= Problem =
Output only the lines of the entries that follow, starting at the one with "a man with long" and running down to the one with "Young couple shopping online", both included and unchanged.

= Dataset content =
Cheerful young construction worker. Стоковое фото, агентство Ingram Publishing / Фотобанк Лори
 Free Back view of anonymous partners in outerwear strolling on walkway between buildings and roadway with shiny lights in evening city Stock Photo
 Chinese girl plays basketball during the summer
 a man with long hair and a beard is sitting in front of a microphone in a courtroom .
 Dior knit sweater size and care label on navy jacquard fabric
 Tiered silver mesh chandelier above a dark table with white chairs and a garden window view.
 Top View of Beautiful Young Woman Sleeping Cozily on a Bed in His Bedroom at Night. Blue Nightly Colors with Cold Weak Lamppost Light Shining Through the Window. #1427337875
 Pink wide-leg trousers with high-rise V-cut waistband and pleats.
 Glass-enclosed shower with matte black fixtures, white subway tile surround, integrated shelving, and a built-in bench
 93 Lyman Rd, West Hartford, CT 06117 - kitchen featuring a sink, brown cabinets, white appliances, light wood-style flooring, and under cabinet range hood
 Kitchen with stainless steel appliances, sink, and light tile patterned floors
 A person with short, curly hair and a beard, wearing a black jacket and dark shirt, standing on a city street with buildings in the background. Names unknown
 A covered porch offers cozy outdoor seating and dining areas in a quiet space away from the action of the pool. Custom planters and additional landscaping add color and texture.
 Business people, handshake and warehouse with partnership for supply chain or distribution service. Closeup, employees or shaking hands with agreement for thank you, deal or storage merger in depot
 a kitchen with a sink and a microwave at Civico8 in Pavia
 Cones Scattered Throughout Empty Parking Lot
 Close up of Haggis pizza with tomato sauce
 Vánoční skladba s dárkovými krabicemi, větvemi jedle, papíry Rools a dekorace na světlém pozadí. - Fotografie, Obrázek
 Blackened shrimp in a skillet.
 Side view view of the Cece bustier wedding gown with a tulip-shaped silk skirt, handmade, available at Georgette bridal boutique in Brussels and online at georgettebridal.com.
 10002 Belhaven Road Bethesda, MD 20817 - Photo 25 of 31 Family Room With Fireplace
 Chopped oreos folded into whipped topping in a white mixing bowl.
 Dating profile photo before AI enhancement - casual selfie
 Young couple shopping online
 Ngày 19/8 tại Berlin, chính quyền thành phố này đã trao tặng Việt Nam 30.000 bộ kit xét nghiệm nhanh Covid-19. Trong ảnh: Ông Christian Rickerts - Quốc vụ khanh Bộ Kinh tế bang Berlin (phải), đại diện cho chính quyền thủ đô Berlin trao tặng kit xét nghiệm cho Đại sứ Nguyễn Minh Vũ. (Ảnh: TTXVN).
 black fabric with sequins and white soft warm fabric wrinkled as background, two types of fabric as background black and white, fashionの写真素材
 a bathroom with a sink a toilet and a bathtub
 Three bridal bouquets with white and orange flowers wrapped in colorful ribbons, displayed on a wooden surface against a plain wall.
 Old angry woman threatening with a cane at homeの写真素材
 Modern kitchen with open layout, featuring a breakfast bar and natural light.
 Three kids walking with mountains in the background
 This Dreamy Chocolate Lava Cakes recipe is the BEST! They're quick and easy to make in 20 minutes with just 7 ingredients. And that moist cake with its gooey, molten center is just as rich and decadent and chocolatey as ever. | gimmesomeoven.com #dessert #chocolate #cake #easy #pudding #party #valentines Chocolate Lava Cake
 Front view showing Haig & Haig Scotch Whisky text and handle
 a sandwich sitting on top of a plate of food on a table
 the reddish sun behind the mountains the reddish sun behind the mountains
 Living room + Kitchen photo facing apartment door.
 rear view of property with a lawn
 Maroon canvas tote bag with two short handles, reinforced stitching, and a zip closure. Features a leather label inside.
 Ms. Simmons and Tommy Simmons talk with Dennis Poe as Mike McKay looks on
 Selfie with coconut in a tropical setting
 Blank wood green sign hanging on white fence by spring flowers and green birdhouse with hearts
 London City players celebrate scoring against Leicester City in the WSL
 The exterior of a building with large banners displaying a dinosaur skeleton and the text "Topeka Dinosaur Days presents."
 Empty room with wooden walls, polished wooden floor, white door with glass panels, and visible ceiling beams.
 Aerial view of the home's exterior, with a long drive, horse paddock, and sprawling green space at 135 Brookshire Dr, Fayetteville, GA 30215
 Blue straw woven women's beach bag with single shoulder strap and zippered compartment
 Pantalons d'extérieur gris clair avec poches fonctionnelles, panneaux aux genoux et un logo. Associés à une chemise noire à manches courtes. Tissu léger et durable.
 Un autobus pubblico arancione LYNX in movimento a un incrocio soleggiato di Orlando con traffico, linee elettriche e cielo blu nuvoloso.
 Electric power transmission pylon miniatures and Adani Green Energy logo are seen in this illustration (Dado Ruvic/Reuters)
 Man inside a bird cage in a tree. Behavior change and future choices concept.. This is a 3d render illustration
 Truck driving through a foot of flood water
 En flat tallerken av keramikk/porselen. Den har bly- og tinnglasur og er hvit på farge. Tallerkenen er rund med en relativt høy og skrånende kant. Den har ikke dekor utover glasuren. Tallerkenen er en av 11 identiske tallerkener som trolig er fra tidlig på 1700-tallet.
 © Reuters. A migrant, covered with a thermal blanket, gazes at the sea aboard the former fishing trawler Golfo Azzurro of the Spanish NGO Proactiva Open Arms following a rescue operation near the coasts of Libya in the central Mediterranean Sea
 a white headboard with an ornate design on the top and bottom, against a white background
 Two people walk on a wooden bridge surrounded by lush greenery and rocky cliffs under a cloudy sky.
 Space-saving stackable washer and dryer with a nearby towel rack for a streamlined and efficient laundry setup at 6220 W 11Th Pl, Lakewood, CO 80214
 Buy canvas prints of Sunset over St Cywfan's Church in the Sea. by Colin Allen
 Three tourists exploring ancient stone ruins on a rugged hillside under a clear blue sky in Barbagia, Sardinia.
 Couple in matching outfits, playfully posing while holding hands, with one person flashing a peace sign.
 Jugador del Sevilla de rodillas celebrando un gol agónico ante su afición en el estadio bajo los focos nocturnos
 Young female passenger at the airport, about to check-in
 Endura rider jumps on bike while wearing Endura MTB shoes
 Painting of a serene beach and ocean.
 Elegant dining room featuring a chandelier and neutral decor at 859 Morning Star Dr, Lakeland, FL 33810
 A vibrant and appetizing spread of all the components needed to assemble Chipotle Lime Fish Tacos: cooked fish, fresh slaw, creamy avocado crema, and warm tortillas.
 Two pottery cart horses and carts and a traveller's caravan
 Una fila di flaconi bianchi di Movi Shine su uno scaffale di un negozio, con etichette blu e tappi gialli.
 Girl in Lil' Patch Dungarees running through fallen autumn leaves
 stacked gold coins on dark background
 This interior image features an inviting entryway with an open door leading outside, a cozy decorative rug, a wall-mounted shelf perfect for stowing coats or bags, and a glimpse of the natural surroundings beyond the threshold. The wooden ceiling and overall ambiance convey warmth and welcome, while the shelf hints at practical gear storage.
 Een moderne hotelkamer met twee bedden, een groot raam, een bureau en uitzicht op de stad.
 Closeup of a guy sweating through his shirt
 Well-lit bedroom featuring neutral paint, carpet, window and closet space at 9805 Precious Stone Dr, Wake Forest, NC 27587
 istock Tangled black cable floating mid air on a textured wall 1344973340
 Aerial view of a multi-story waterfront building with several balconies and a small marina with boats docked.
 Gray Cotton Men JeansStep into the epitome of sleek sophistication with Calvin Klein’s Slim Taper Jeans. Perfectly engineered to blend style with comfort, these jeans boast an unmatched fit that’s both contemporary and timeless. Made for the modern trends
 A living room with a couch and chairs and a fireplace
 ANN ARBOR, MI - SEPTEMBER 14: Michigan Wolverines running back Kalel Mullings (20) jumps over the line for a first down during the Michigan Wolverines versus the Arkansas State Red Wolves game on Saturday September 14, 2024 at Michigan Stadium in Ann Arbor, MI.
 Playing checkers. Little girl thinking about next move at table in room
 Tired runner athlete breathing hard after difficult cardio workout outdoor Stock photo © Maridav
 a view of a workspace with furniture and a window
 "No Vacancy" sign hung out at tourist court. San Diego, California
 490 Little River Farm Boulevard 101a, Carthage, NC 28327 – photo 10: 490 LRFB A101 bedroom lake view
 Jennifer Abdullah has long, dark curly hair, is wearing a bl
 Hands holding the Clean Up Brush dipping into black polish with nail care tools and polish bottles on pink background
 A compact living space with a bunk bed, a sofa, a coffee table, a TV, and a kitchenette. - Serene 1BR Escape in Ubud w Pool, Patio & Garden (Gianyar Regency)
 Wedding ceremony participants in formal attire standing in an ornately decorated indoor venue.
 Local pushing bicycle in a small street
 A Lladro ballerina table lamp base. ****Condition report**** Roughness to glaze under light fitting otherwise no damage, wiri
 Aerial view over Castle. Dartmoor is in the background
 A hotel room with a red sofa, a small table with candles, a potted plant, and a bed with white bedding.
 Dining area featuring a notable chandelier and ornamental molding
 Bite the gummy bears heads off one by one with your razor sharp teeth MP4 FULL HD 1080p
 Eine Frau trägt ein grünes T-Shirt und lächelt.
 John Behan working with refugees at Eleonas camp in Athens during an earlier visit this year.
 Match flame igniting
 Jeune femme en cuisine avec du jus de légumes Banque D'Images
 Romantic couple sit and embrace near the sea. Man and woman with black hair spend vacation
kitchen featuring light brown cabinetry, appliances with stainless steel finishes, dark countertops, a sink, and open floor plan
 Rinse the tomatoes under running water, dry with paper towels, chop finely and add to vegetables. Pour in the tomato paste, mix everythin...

= Response =
 a man with long hair and a beard is sitting in front of a microphone in a courtroom .
 Dior knit sweater size and care label on navy jacquard fabric
 Tiered silver mesh chandelier above a dark table with white chairs and a garden window view.
 Top View of Beautiful Young Woman Sleeping Cozily on a Bed in His Bedroom at Night. Blue Nightly Colors with Cold Weak Lamppost Light Shining Through the Window. #1427337875
 Pink wide-leg trousers with high-rise V-cut waistband and pleats.
 Glass-enclosed shower with matte black fixtures, white subway tile surround, integrated shelving, and a built-in bench
 93 Lyman Rd, West Hartford, CT 06117 - kitchen featuring a sink, brown cabinets, white appliances, light wood-style flooring, and under cabinet range hood
 Kitchen with stainless steel appliances, sink, and light tile patterned floors
 A person with short, curly hair and a beard, wearing a black jacket and dark shirt, standing on a city street with buildings in the background. Names unknown
 A covered porch offers cozy outdoor seating and dining areas in a quiet space away from the action of the pool. Custom planters and additional landscaping add color and texture.
 Business people, handshake and warehouse with partnership for supply chain or distribution service. Closeup, employees or shaking hands with agreement for thank you, deal or storage merger in depot
 a kitchen with a sink and a microwave at Civico8 in Pavia
 Cones Scattered Throughout Empty Parking Lot
 Close up of Haggis pizza with tomato sauce
 Vánoční skladba s dárkovými krabicemi, větvemi jedle, papíry Rools a dekorace na světlém pozadí. - Fotografie, Obrázek
 Blackened shrimp in a skillet.
 Side view view of the Cece bustier wedding gown with a tulip-shaped silk skirt, handmade, available at Georgette bridal boutique in Brussels and online at georgettebridal.com.
 10002 Belhaven Road Bethesda, MD 20817 - Photo 25 of 31 Family Room With Fireplace
 Chopped oreos folded into whipped topping in a white mixing bowl.
 Dating profile photo before AI enhancement - casual selfie
 Young couple shopping online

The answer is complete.